YOUR OBJECTIVE:
Extract, exactly as written, the line that contains "Белый Porsche 1680x1050" and all lines after it through the end of the records. Omit pictures.

RECORDED DATA:
________________________________________

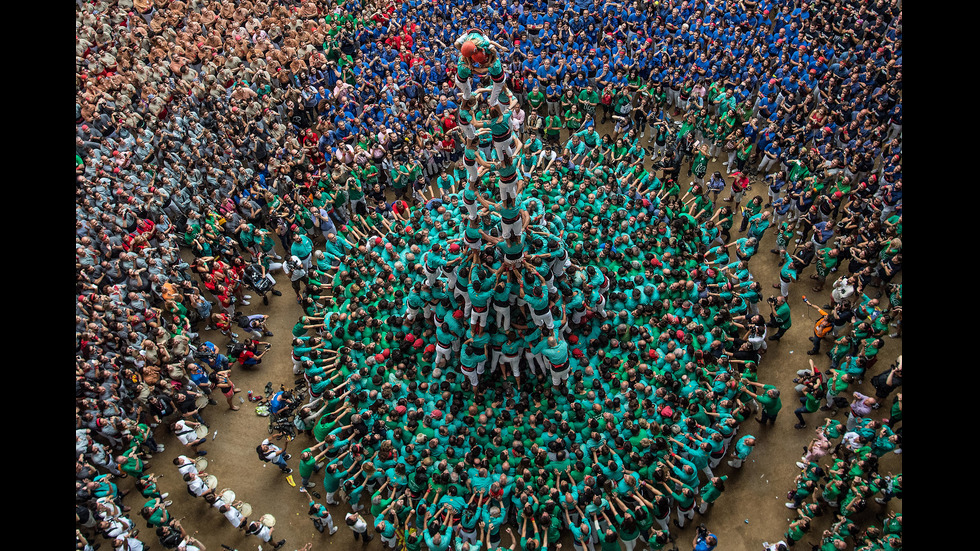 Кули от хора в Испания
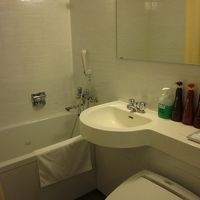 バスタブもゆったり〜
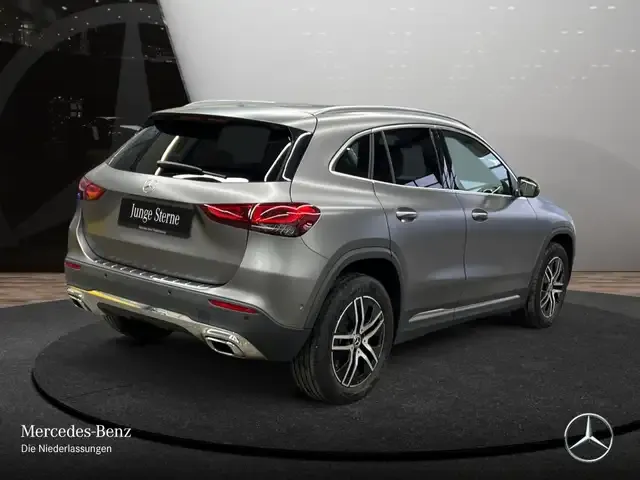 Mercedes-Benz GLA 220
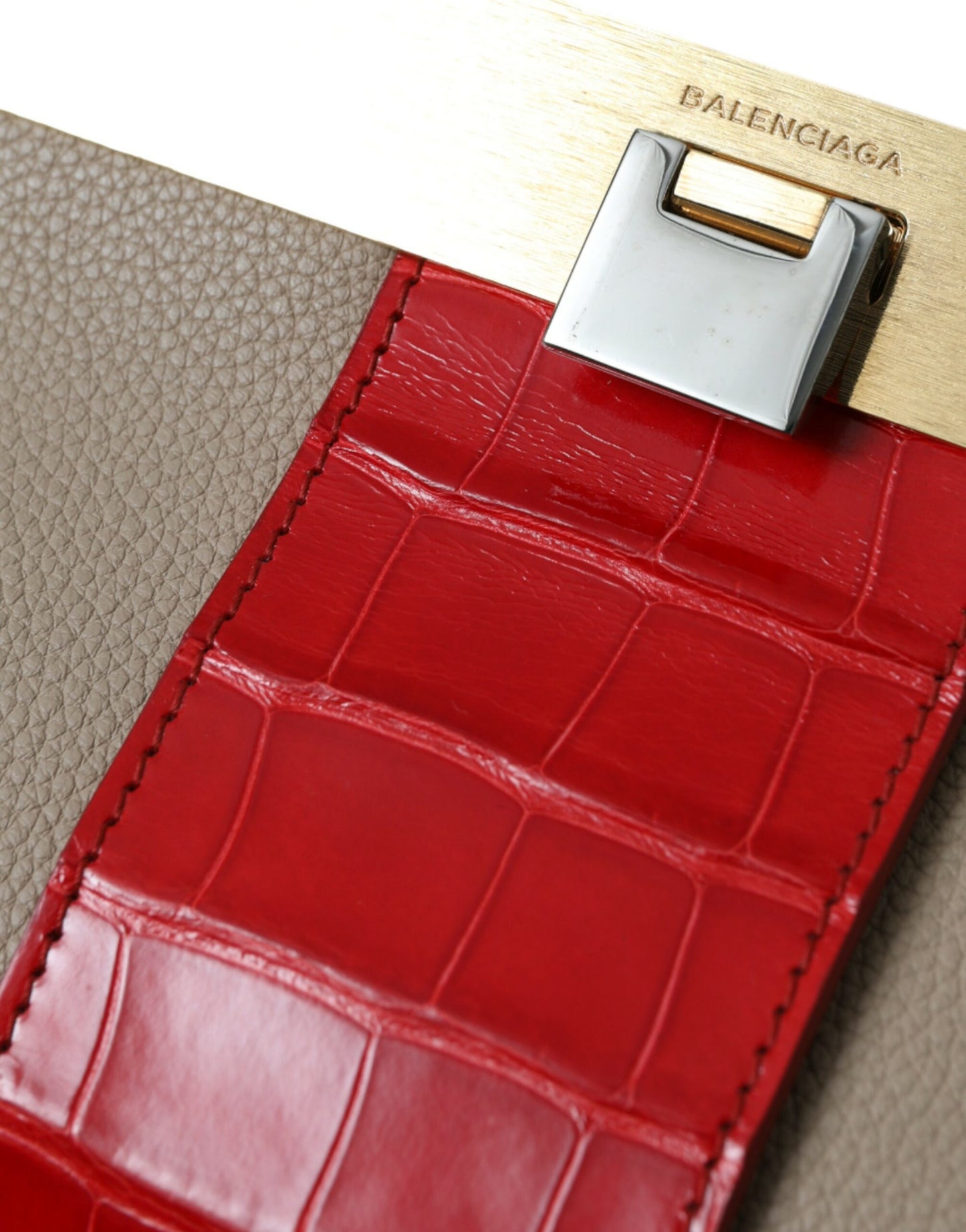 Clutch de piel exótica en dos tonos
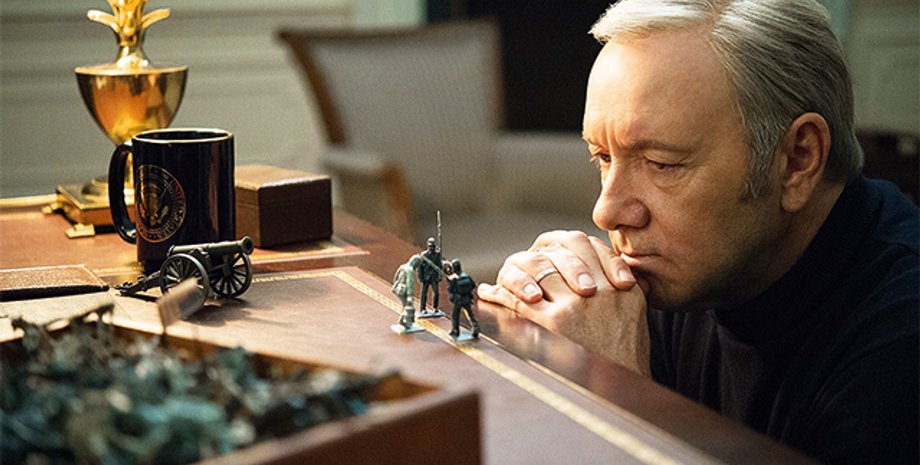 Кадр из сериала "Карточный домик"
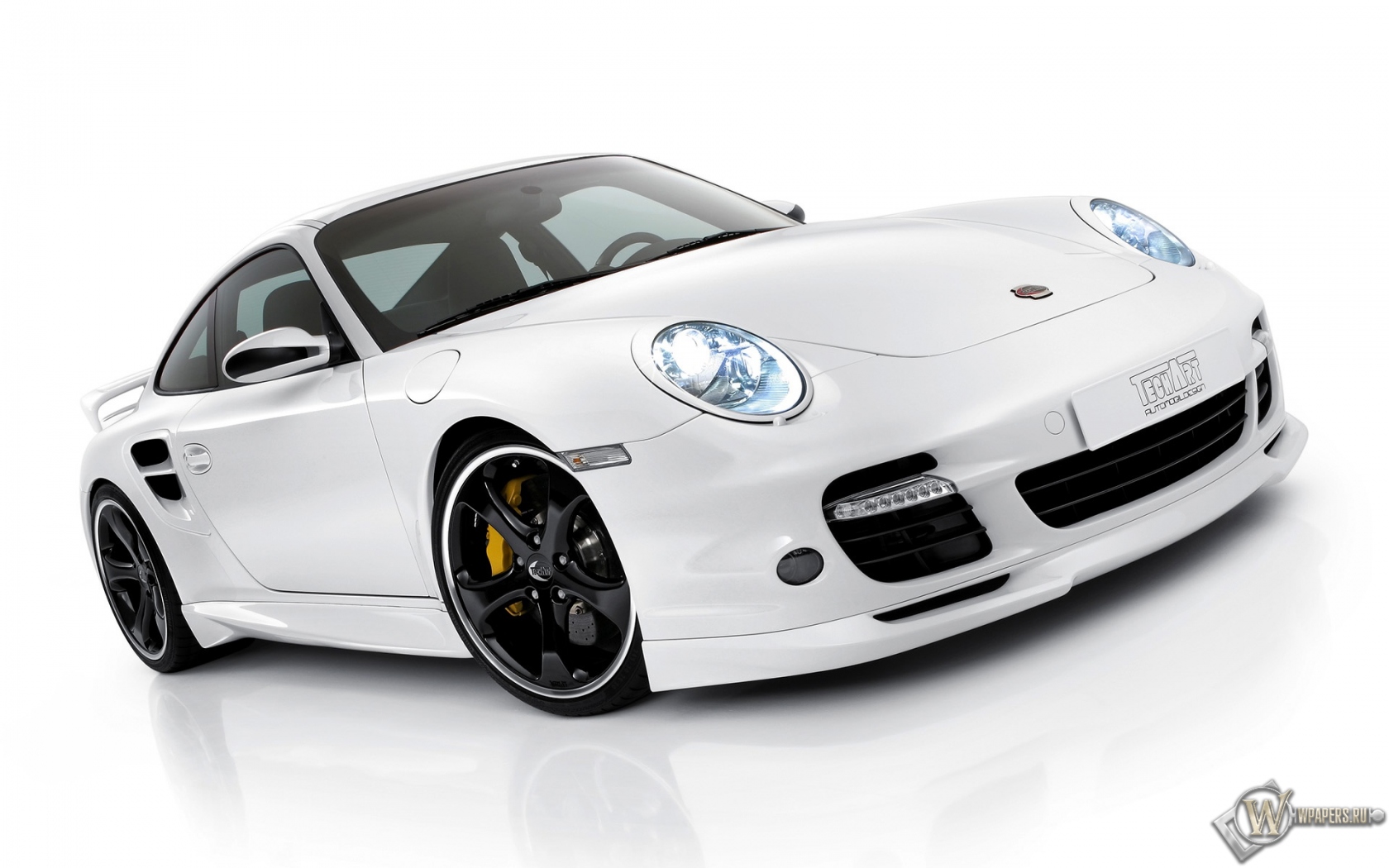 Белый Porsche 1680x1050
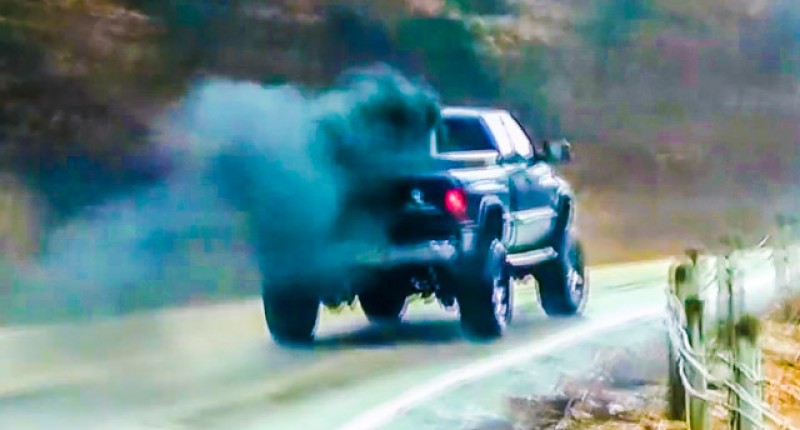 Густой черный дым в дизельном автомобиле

________________________________________

FINISHED EXERCISE:
 Белый Porsche 1680x1050
 Густой черный дым в дизельном автомобиле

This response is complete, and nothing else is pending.